Speaker
Natascia Vignaroli
(ROMA1)
Description
We performed a study of the LHC discovery reach on composite fermions (top and bottom Kaluza- Klein's) and composite gluon (KKg). We found that the KKg phenomenology is strongly dependent on the ratio between its mass and those of the heavy fermion resonances. When the KKg is below the threshold for the production of a heavy fermion, KKg decays almost completely to top pairs. Until now, this first scenario is the only one studied in the literature on the KKg search at the LHC. There is a high and difficult to reduce QCD background that makes difficult the KKg discovery at the LHC. In the opposite scenario where KKg is heavier than composite fermion pairs, the KKg total decay width becomes too large (O(TeV)) to distinguish its resonance from the background.

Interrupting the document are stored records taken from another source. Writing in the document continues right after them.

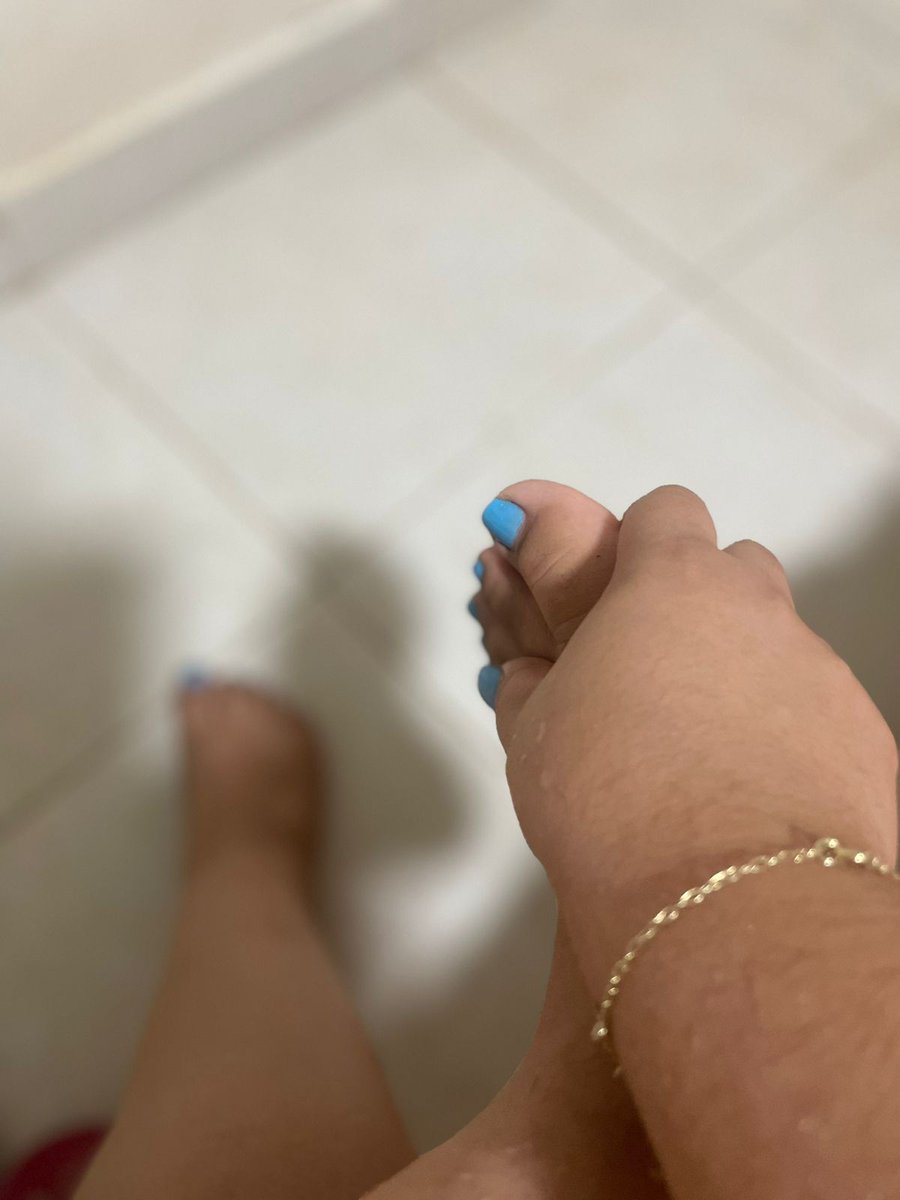 onfirealejandra's tweet photo. #feet #pies #feetworshi̇p #Feedash https://t.co/qkh2pMXnyx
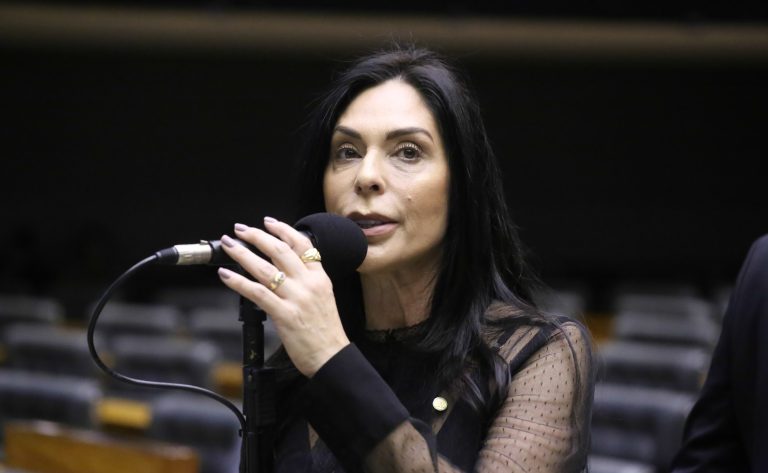 Comissão aprova benefício fiscal para empresa que incentiva estagiário a ler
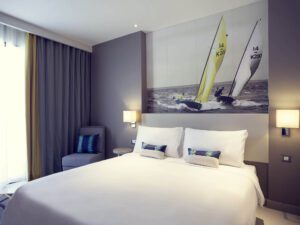 http://www.accorhotels.com/8889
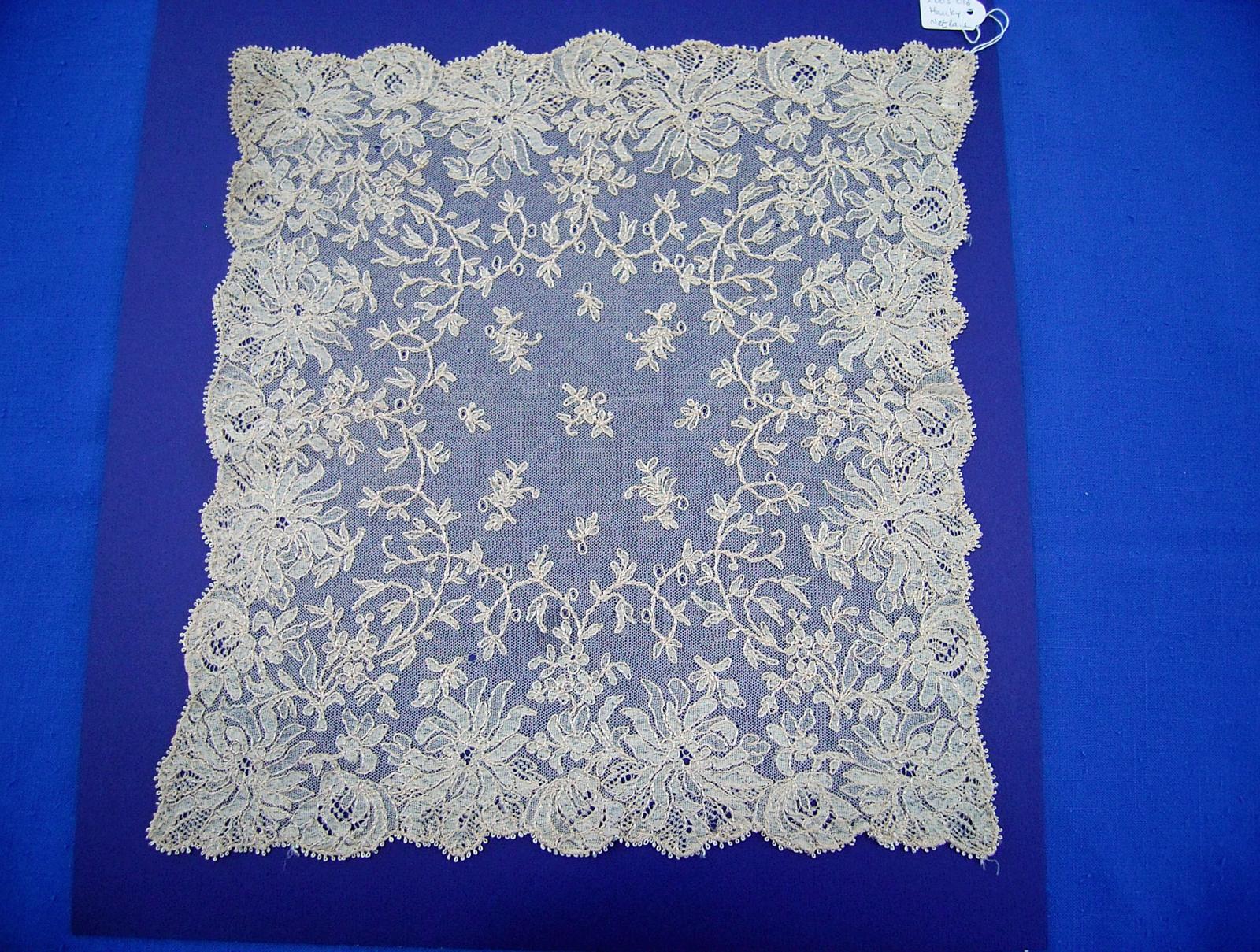 Machine lace handkerchief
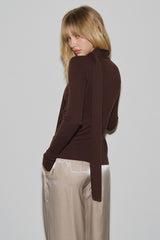 BLUSA MARRÓN CON MASCADA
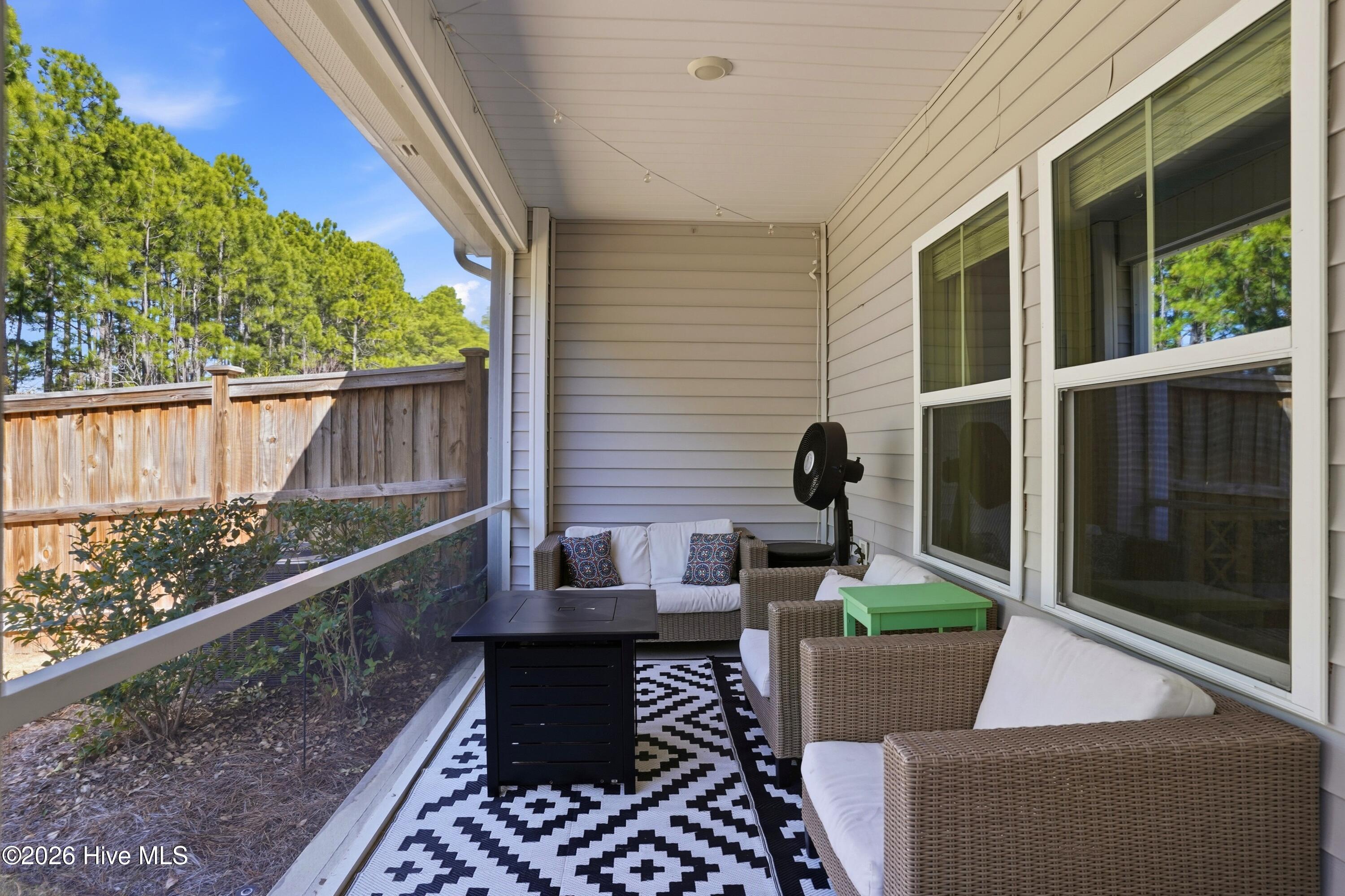 100555182 | Photo 28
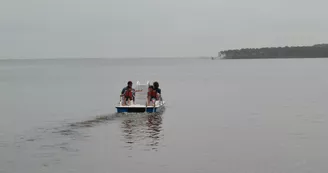 Moutchic Loisirs - Location de pédalos - Plage du Moutchic lac de Lacanau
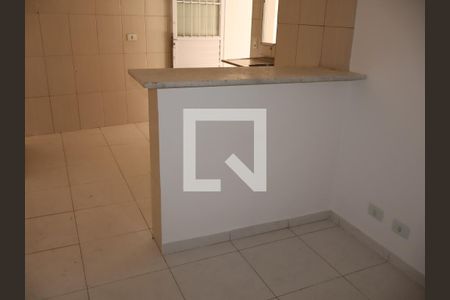 Sala de casa para alugar com 2 quartos, 33m² em Parque Independencia, São Paulo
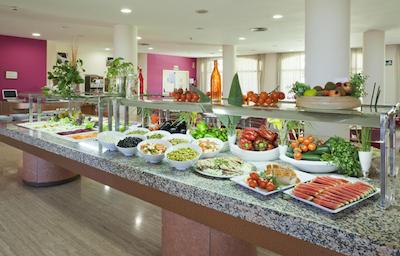 هتل ایلونین ایستلانتیلا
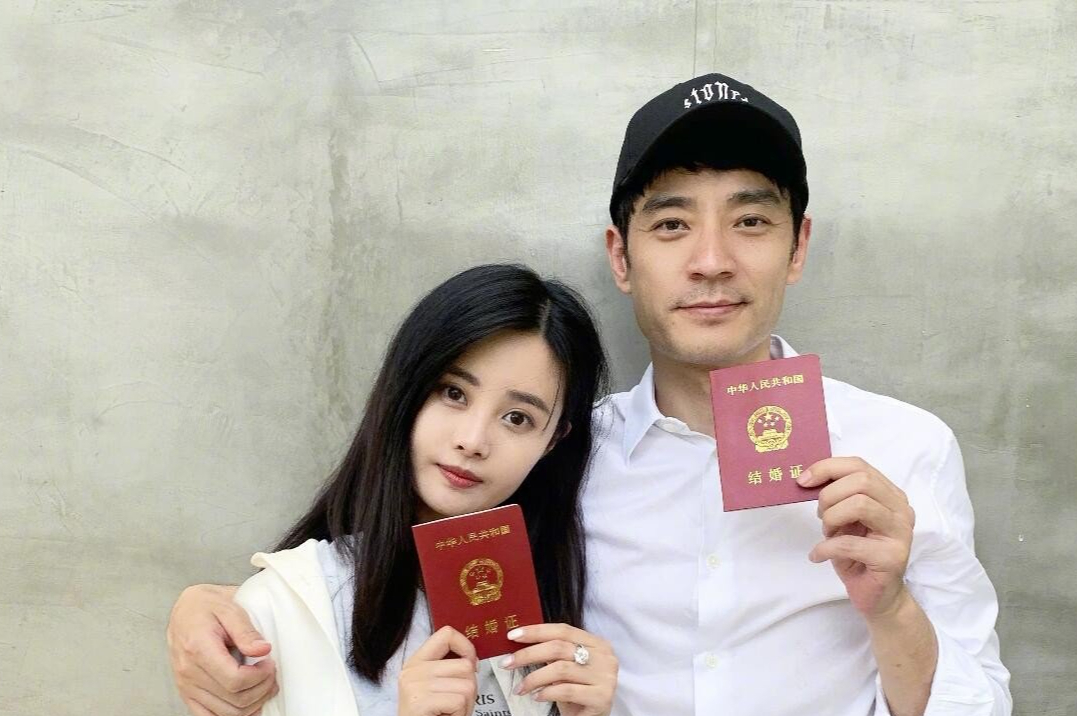 隋雨蒙李光洁晒一家三口生活照 儿子五官超像爸爸妈妈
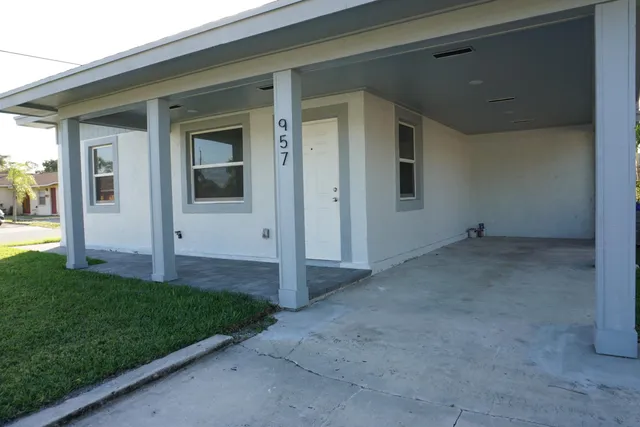 a view of an house with backyard and porch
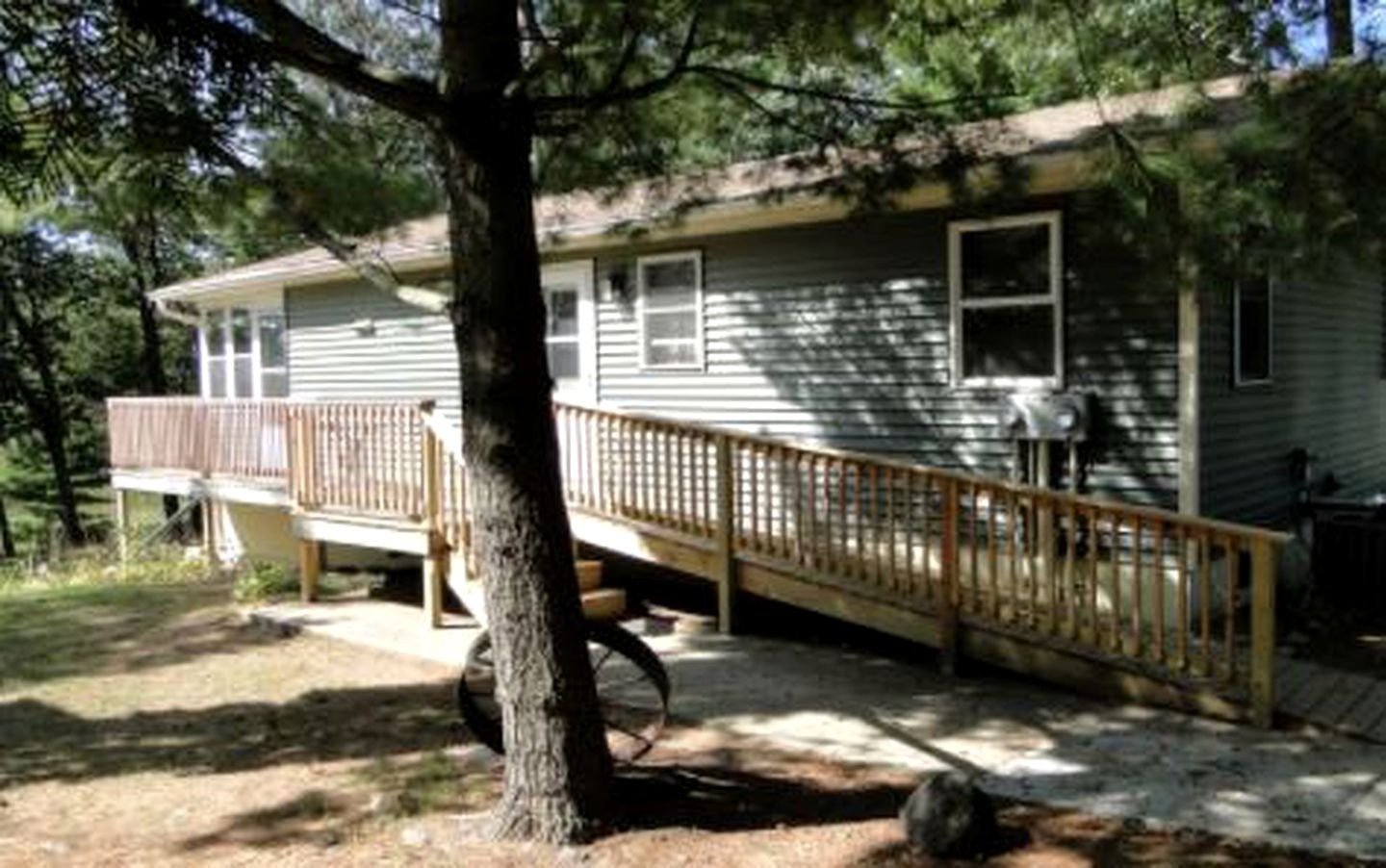 Charming Cottage Getaway with Excellent Lake Views near Mount Morris, Wisconsin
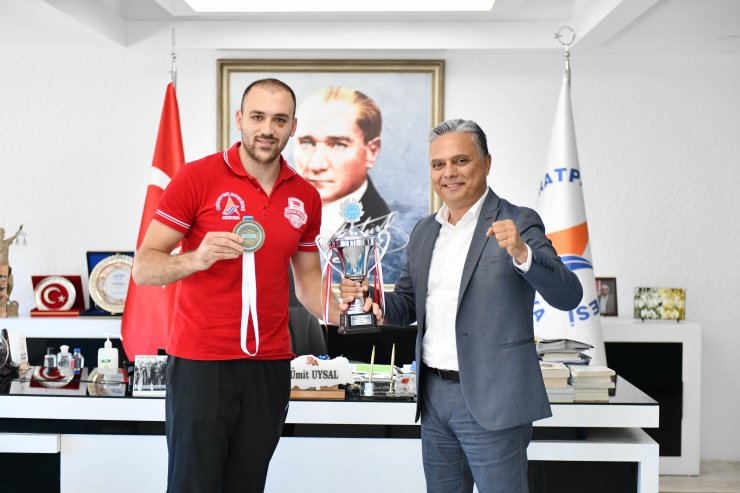 'Kızıl Fırtına' Avrupa Şampiyonu oldu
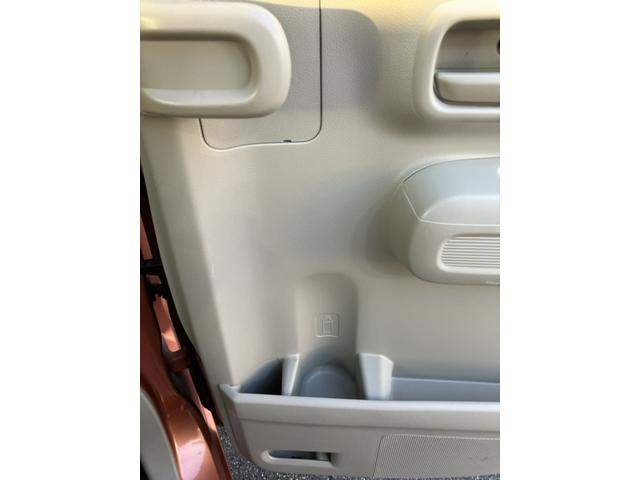ワゴンＲ ＦＡ　　ＣＤプレーヤー装着車　１４インチホイールキャップ│マニュアルエアコン│ウレタンステアリングホイール（13枚目）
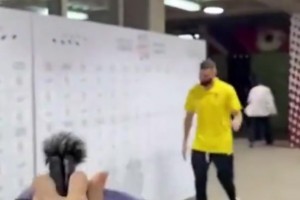 本泽马拒绝吉达联合球迷签名，直到他看到一件皇马球衣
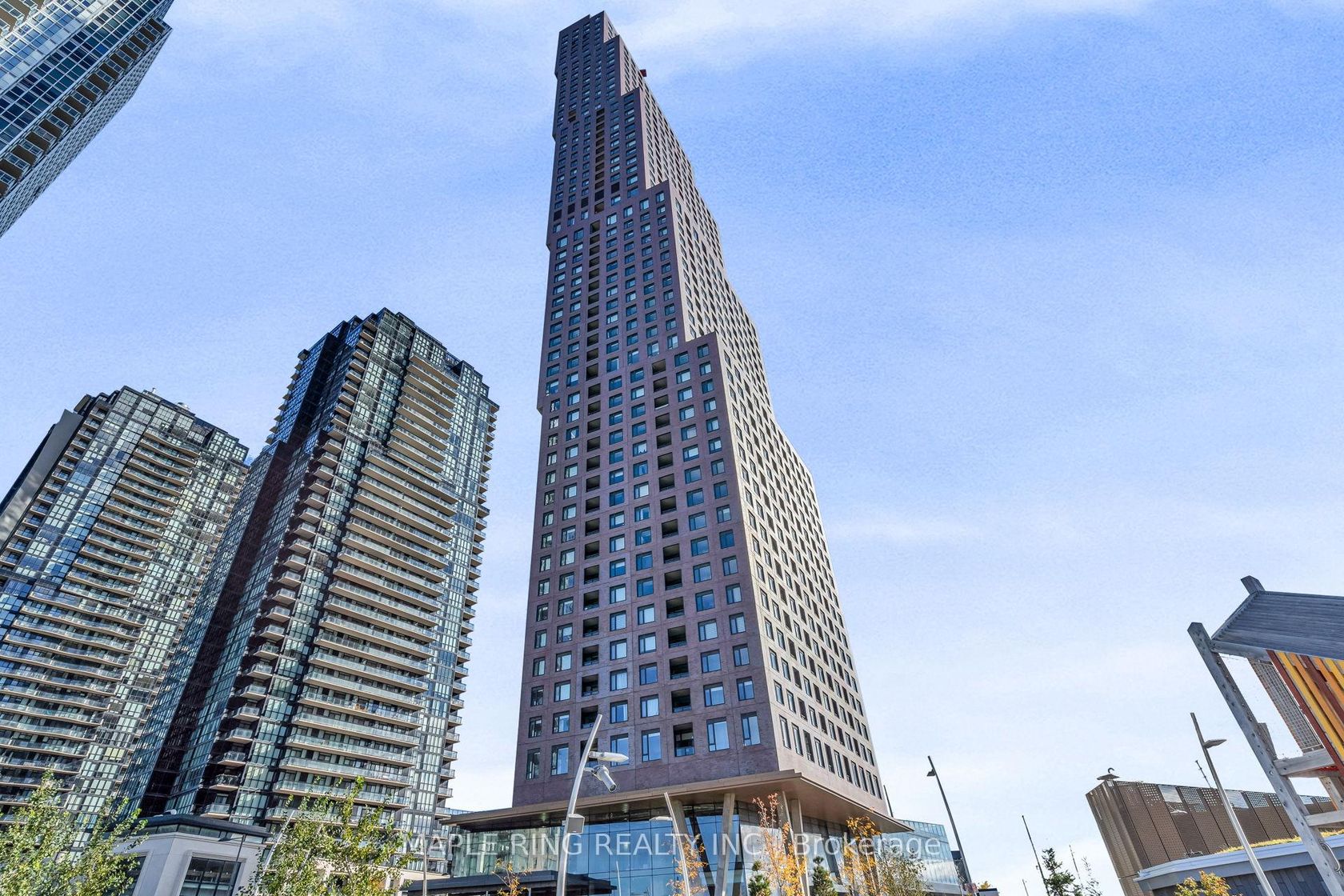 1313 - 2920 Highway 7 Road, Concord, Vaughan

On the other hand, the intermediate scenario where KKg is heavier than a composite fermion but lighter than heavy fermion pairs seems to be very promising for the KKg search at the LHC. This scenario seems to be also the best motivated one according to the hints from the electroweak data, flavor observables and to naturalness arguments. We suggest the KKg decays into a top (bottom) and its heavy partner as the best search channels both for the KKg and the heavy fermions. We found, indeed, that the presence of heavy fermion resonances only in the signal turns out to be very effective to reduce backgrounds.